[[ Material provided, beginning ]]

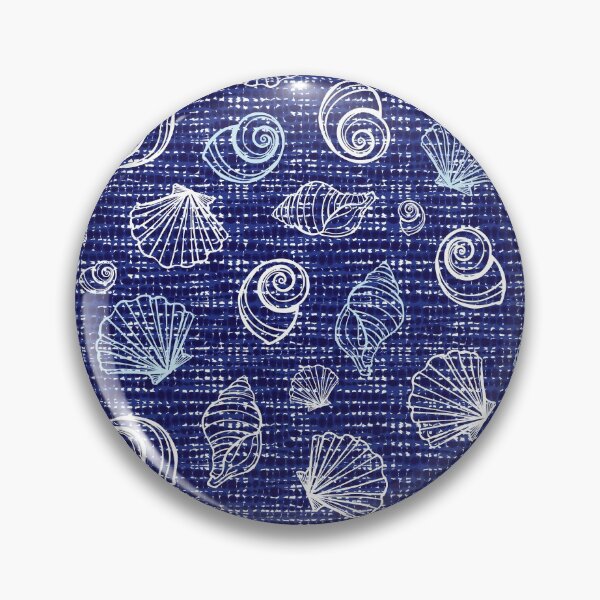 Item preview, Shibori blue canvas sea shells 02 seamless pattern designed and sold by jamiesoondesign.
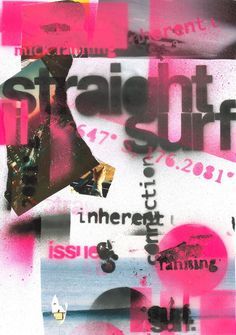 an abstract collage with pink and black text on the bottom right hand corner is a photo of a woman's face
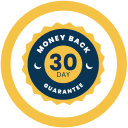 A circular yellow and blue graphic badge with the text '30 DAY MONEY BACK GUARANTEE' in white and blue lettering.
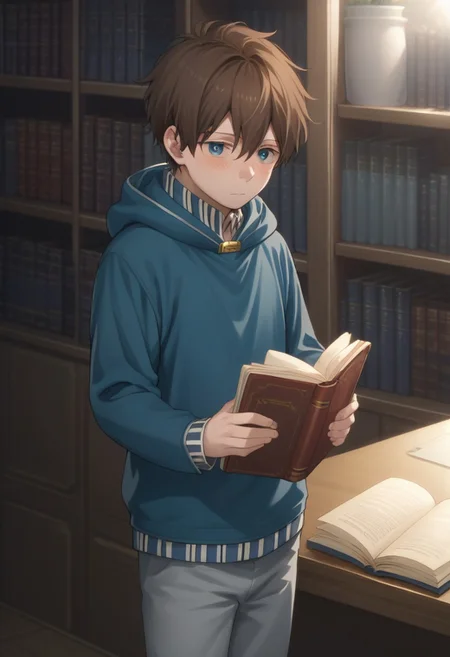 score_9, score_8_up, score_7_up, source_anime, highly detailed,
ryuu, 1boy, solo, male focus, book, boots, holding book, holding, brown hair, blue eyes, blush, pants, open book, grey pants, long sleeves, hood, hoodie, blue hoodie,
indoor,library,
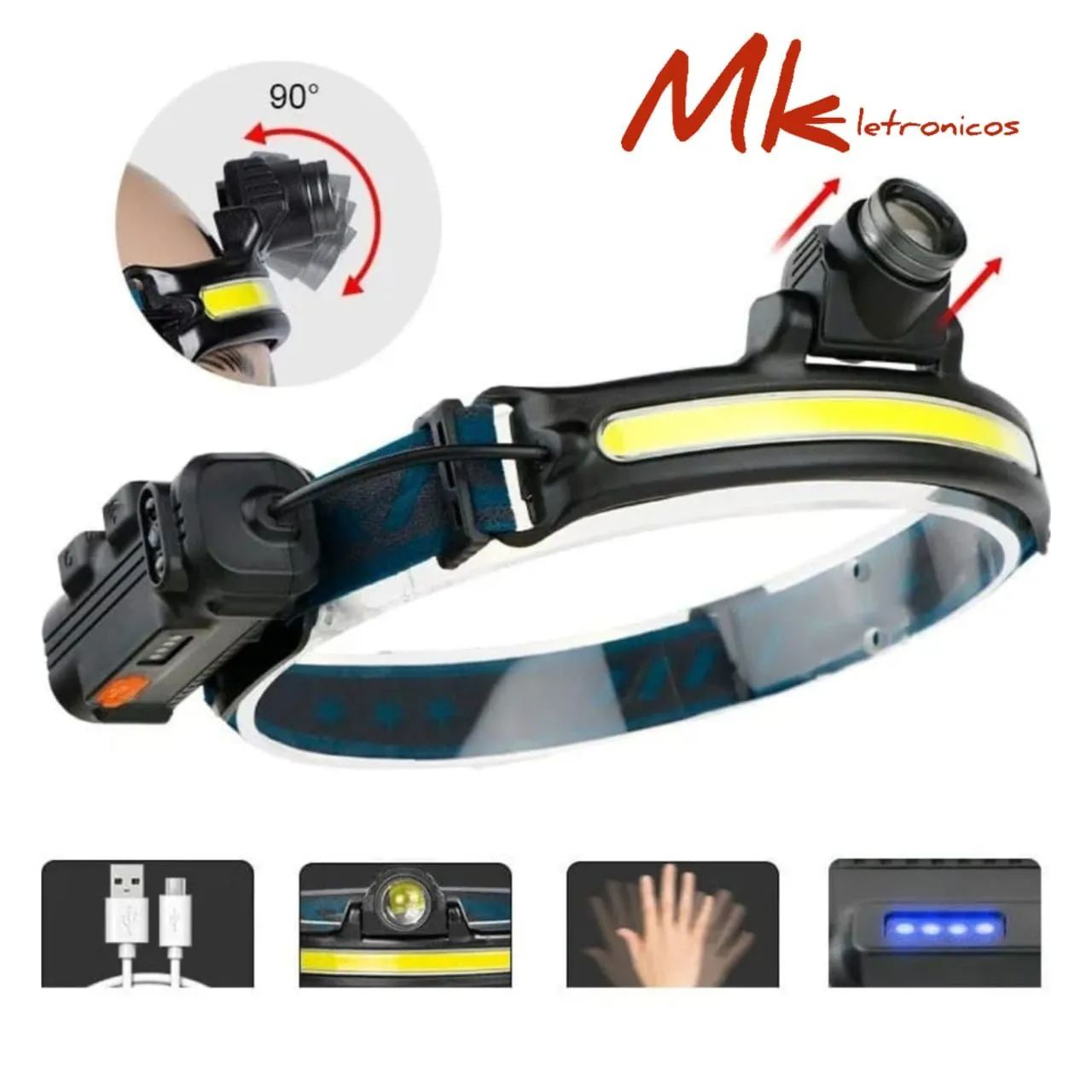 Lanterna de Cabeça LED Recarregável - Ideal para Camping e Pesca - Foto 4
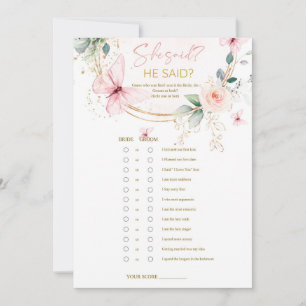 Invitation Fleurs sauvages papillon il dit qu'elle a dit jeu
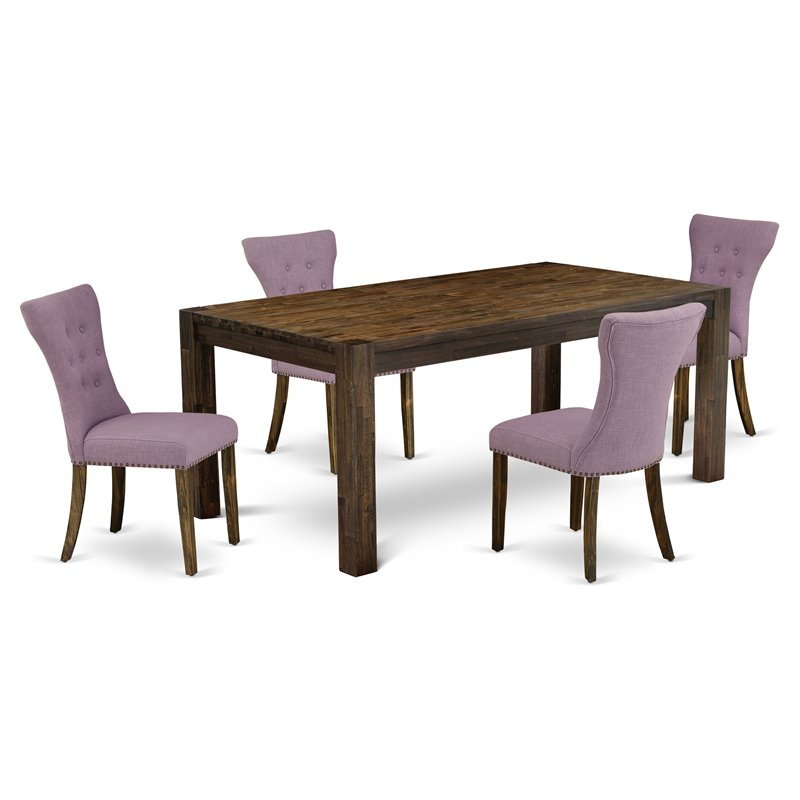 Pemberly Row 5-Pc Wood Dining Set in Jacobean Brown and Dahlia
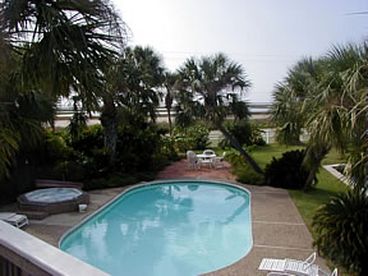 View of the Pool and Hot Tub from the Side Deck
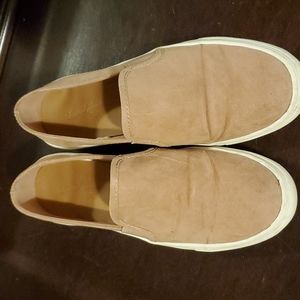 Pink suede slip ons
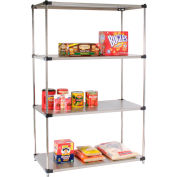 Nexel® Solid Stainless Steel, 4 Tier, Starter Unit, 48"W x 18"D x 74"H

[[ Material provided, end ]]

■ Task brief
Above are some records; extract exactly the lines from the one containing "A circular yellow" through the one containing "score_9, score_8_up, score_7_up, source_anime, highly" and drop the pictures.

■ Response to this exercise
 A circular yellow and blue graphic badge with the text '30 DAY MONEY BACK GUARANTEE' in white and blue lettering.
 score_9, score_8_up, score_7_up, source_anime, highly detailed,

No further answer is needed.